Introduction
In the context of supply chain planning, determining a consolidated demand is a fundamental step to ensure alignment between Sales, Operations, Finance, and Logistics. It is the first step to be defined and validated in a Supply Chain Planning project.
This guide gradually presents the different approaches to generating consolidated demand, from simple to more complex scenarios, including weekly phasing, billing adjustments, and dynamic demand updates.
Basic Approach
Forecast Only
Uses only the demand forecast as the planning basis. Common in early planning stages or when there are insufficient firm orders.
✅ Simple to execute and easy to maintain
⚠️ May not reflect the reality of actual orders
Orders Only
Uses only confirmed orders. Common in make-to-order (MTO) businesses with a long firm order horizon.
✅ Higher adherence to actual sales
⚠️ Does not allow medium/long-term planning
Orders & Forecast Combination
Simple Sum (Orders + Forecast)
The consolidated demand is the sum of forecast and firm orders. Requires forecast data to be regularly updated, reflecting only the balance.

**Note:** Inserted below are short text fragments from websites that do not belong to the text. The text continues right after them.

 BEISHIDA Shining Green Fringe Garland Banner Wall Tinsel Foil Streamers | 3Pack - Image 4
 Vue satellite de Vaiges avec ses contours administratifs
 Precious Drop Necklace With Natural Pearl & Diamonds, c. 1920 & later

Requires constant manual updating of the forecast balance to avoid double counting.
Maximum between Orders and Forecast
The higher value between the period forecast and total firm orders is adopted. If orders > forecast, use orders. If orders < forecast, use forecast.

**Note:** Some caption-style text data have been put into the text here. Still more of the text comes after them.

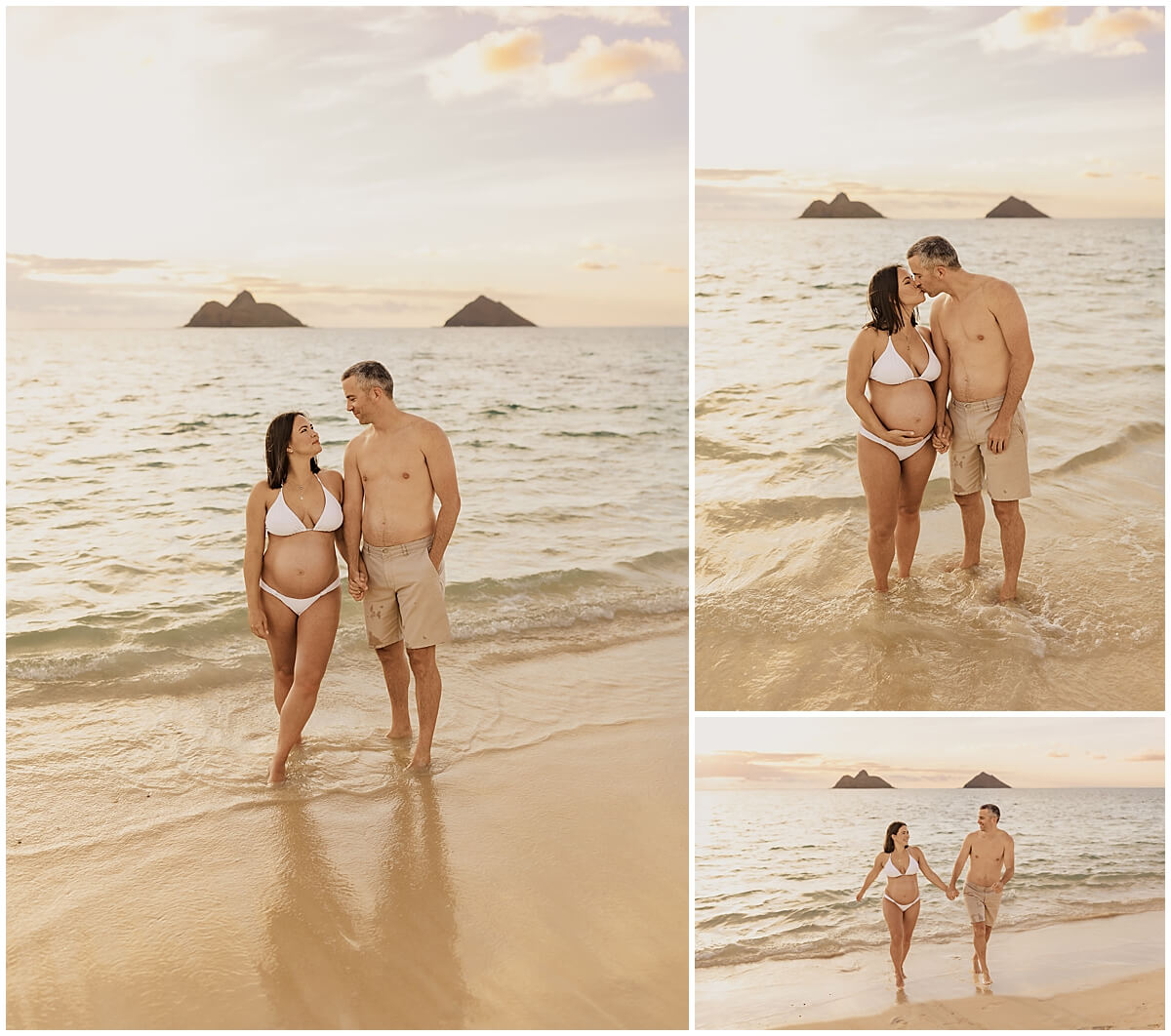 new mom and dad standing on the shoreline at sunrise for kailua maternity session 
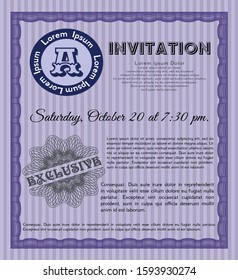 Violet Formal invitation. Easy to print. Customizable, Easy to edit and change colors. Artistry design. 
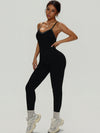 ZASUWA Female Sexy Cross Back Contrast Color Elastic Tight Quick Dry Jumpsuit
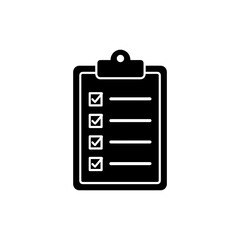 Minimal Black Clipboard with Checklist of Lessons Icon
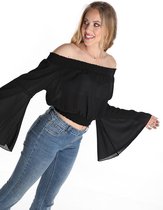 Pretty Wind, Crop Top, Top met Wijde Mouwen, Off-Shoulder, Zwart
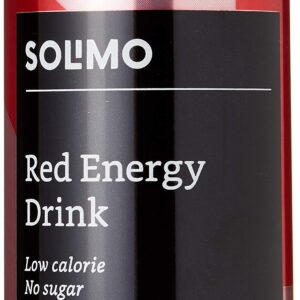 Amazon Brand - Solimo Red Energy Drink, Sugar Free, 16 fl oz (Pack of 12)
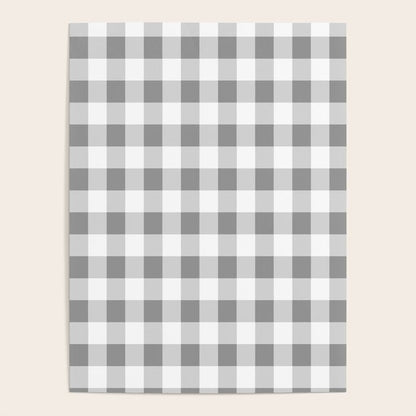 Gingham Large Gray White Poster Gallery Image 2
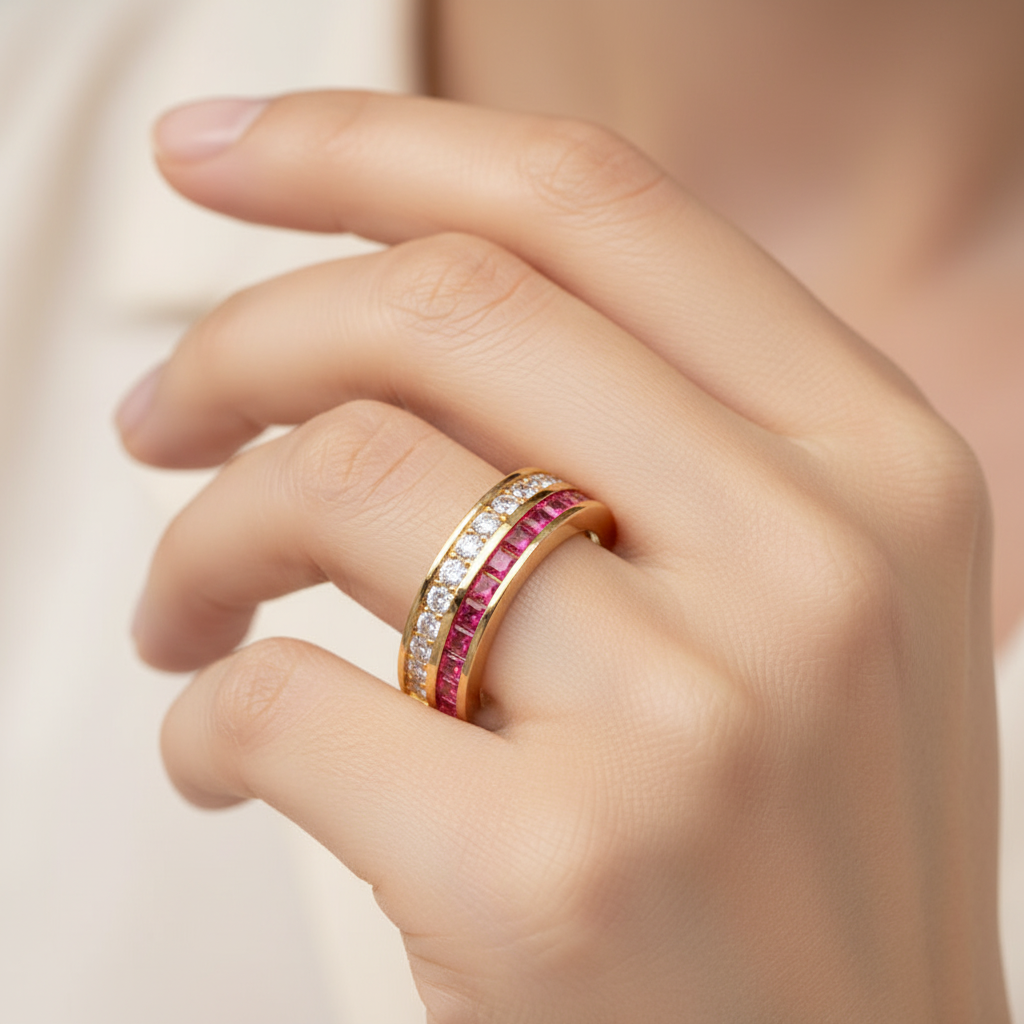 Ruby And Diamond Double Row Channel Set Band Ring - Two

💡 When combining orders with forecast, ideally both should be at the same level of detail, avoiding excessive complexity and custom rules.
Billing Consideration
In addition to forecast and firm orders, what has already been billed in the month is considered. Billing represents demand already served and can be used to adjust the forecast and calculate the remaining balance.
Billing Update Process
- 1Start with the total monthly forecast
- 2Subtract what has already been billed
- 3Compare the result with outstanding firm orders
- 4Consolidated demand is the maximum between forecast balance and remaining orders
Intra-Month Phasing
For greater granularity, the monthly forecast can be distributed across weeks or working days, creating an expected order entry rhythm.
Weekly Phasing
The forecast is distributed based on historical parameters per week of the month.
• Week 1: 10% of forecast
• Week 2: 20% of forecast
• Week 3: 30% of forecast
• Week 4: 40% of forecast
Remaining Working Days Phasing
The forecast percentage is dynamically adjusted by the number of remaining working days, with automatic recalculation of the expected rhythm.
Current Month Behavior (M0)
Throughout the month, instead of assuming linear behavior, demand phasing is used to define an expected order entry rhythm.
Phased Weekly Forecast
Past unmet demand is discarded each week. If in W4 nothing was sold, only the forecast of 40 is considered (expected for that period).
Accumulated Unrealized Forecast
Unmet forecast is added to the following weeks. If in W4 nothing was sold, 100 is considered (monthly total), as demand may still come in the final days.
Conclusion
The choice of methodology must be dictated by the specific demand variability and the order horizon. The main criteria are:
- Demand variability
- Firm order horizon
- Planning maturity level
- Availability of reliable data (billing, orders, history)
It is recommended to start with something simple (maximum between forecast and orders) and incrementally increase complexity as the organization's demand management maturity grows.